Blue Rock Thrushes range from the Mediterranean clear across Malaysia There are a number of subspecies, in two main categories: all-blue birds like these, and (in the Asian part of its range) birds with chestnut or orange bellies. This is the resident Malaysian subspecies madoci.
A much larger - indeed rather hulking - bird is the Blue Whistling Thrush (Myophonus caeruleus). The Blue Whistling Thrushes of Kek Loong Tong cave have been studied by David Bakewell and Lim Kim Chye in an attempt to sort out the distribution of this species (once thought to be strictly a lowland bird in Malaysia) and the poorly-understood Malaysian Whistling Thrush (Myophonus robinsoni), a highland specialist. It appears that the Blue Whistling Thrush ranges into the highlands too, and that the endemic Malaysian species may be much rarer and more localized than anyone had thought.
This may not look like a typical thrush nest, but it is, in fact, the nest of a Blue Whistling Thrush that has taken up residence inside the cave itself.
Connie's chief interest in bringing us to this area, however, was another species neting on the rocks above the temple. I'm trying to photograph the bird here, using my primitive digiscoping "technique" of holding my video camera up to the eyepiece of Connie's spotting scope and hoping for the best.

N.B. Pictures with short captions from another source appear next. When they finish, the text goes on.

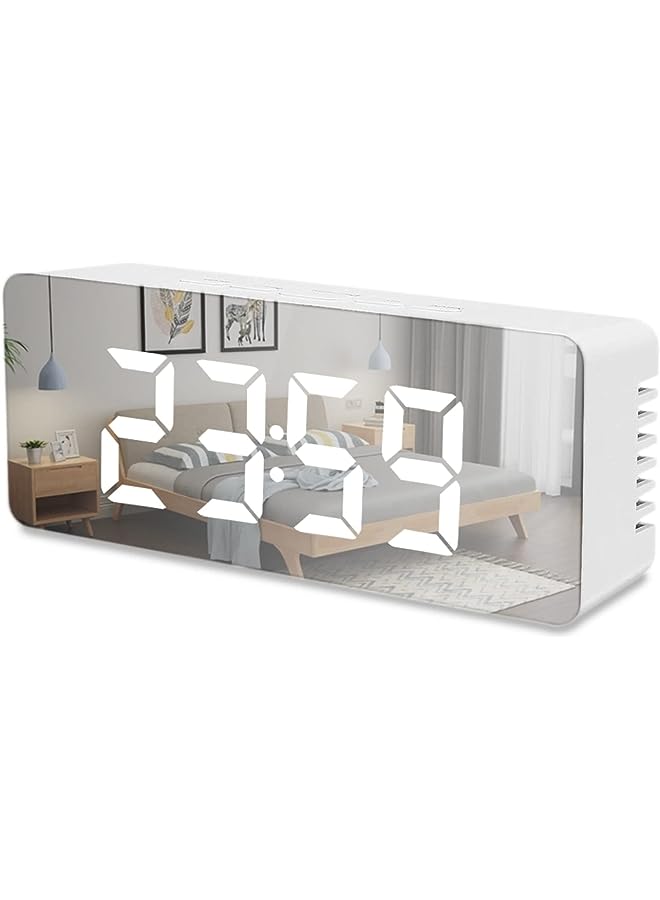 Raxoom ساعة منبه مرآة مع عرض رقمي LED وواجهة خلفية بيضاء، ذاكرة وقت عند انقطاع الطاقة، ضبط تلقائي للسطوع، عرض درجة الحرارة ℃/℉، تبديل 12/24 ساعة (أبيض) - Image 1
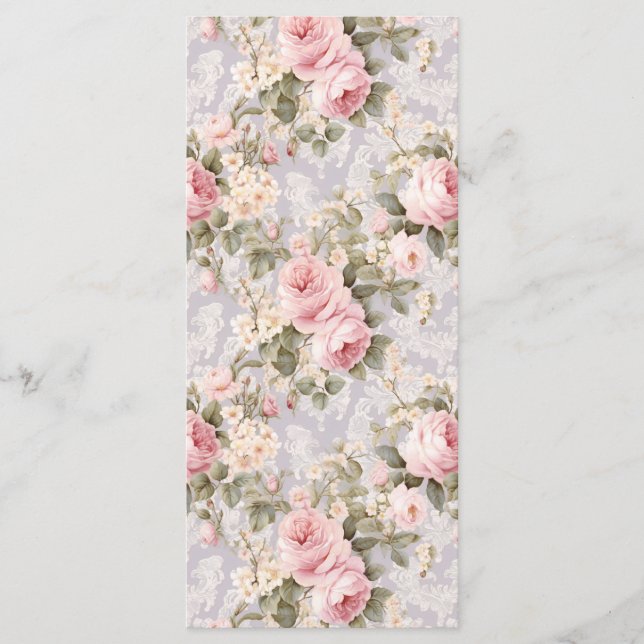 Weichrosa Blume Menükarte (Vorderseite)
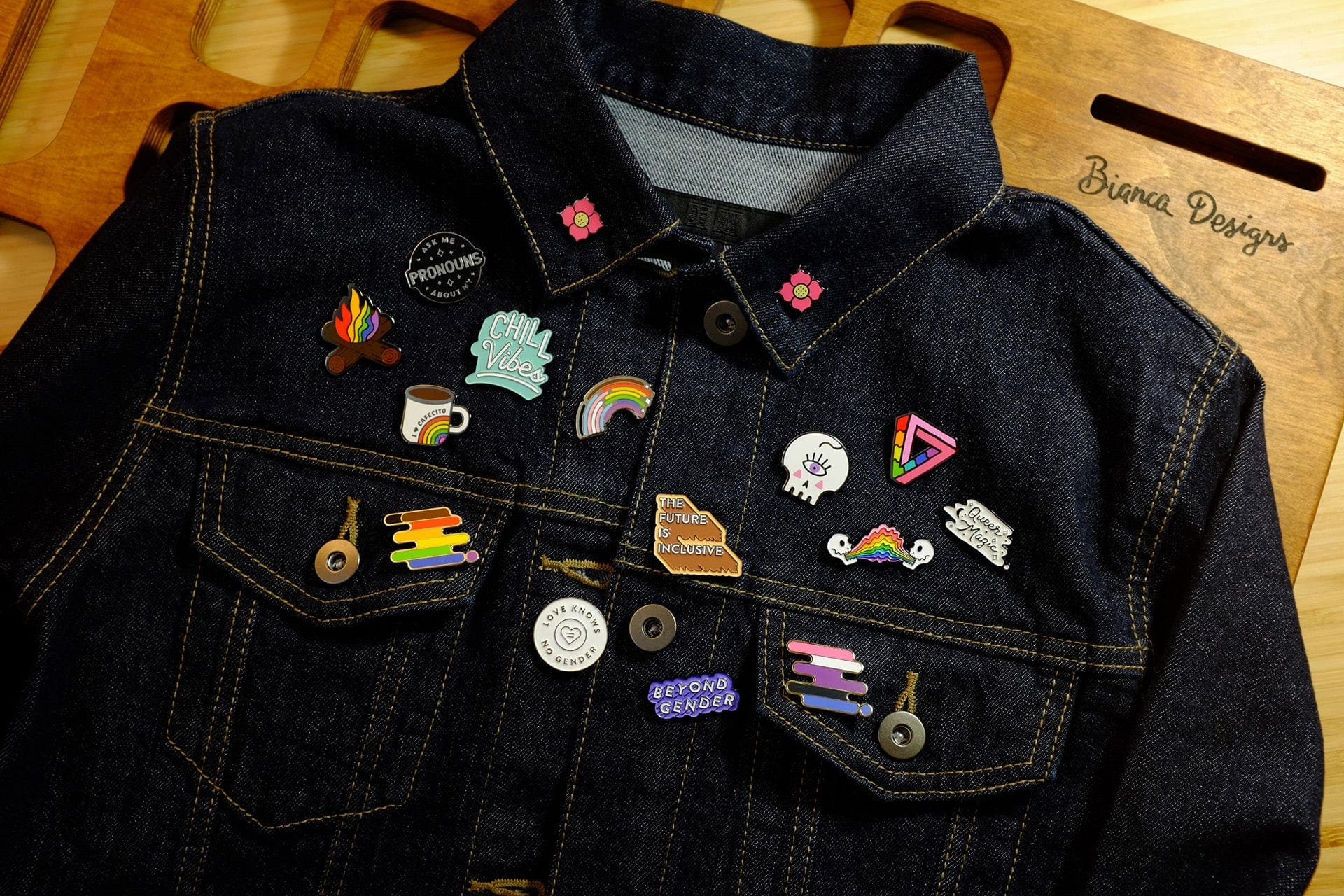pins on jean jacket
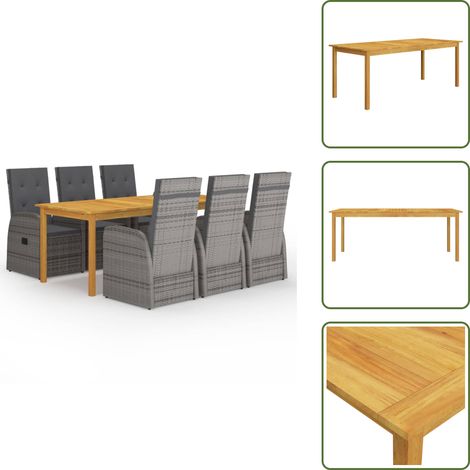 The Living Store Set da Pranzo da Giardino 7 pz Grigio - Tavolo da pranzo in legno
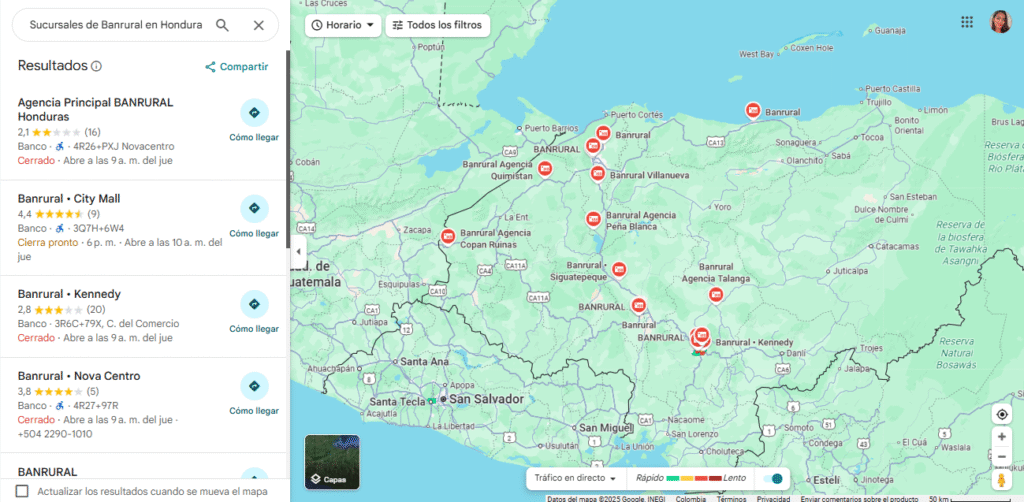 Sucursales de Banrural en Honduras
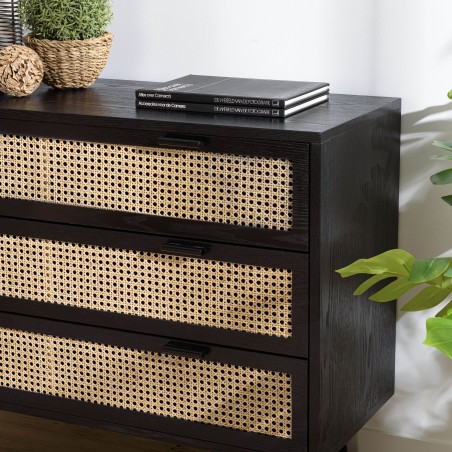 ANGELO Black Chest of Drawers with Natural Cane Finish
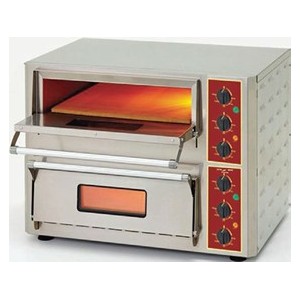 Four à pizza & bruschetta professionnel - 2 chambres 430 x 430 - quartz infrarouge 1050°C avec pierre réfractaire - PZ430D_0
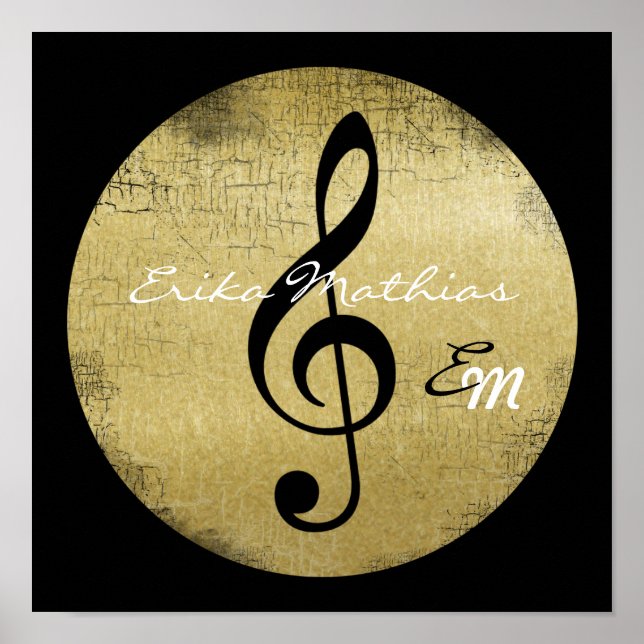 personalized music note, black treble clef poster (Front)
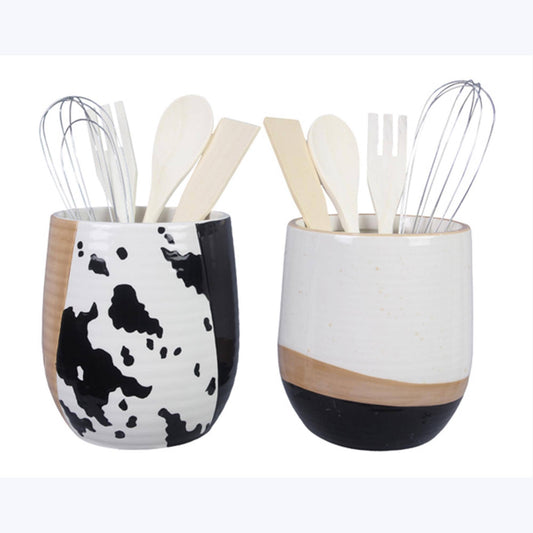 Ceramic Country Black & White Tool Holder Set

Here's the best my own telephoto could do. The bird is a Black-thighed Falconet (Microhierax fringillarius), probably the smallest raptor in the world, ensconced in its cliffside eyrie.
Here are the results of my "digiscoping" - not too bad, actually. Connie has been keeping track of the birds' progress; you can read about it on her blog.
All in all, the valley was a treat. From Ipoh we headed off en route to Kuala Lumpur - but not before thanking Connie for sharing her special birds with us!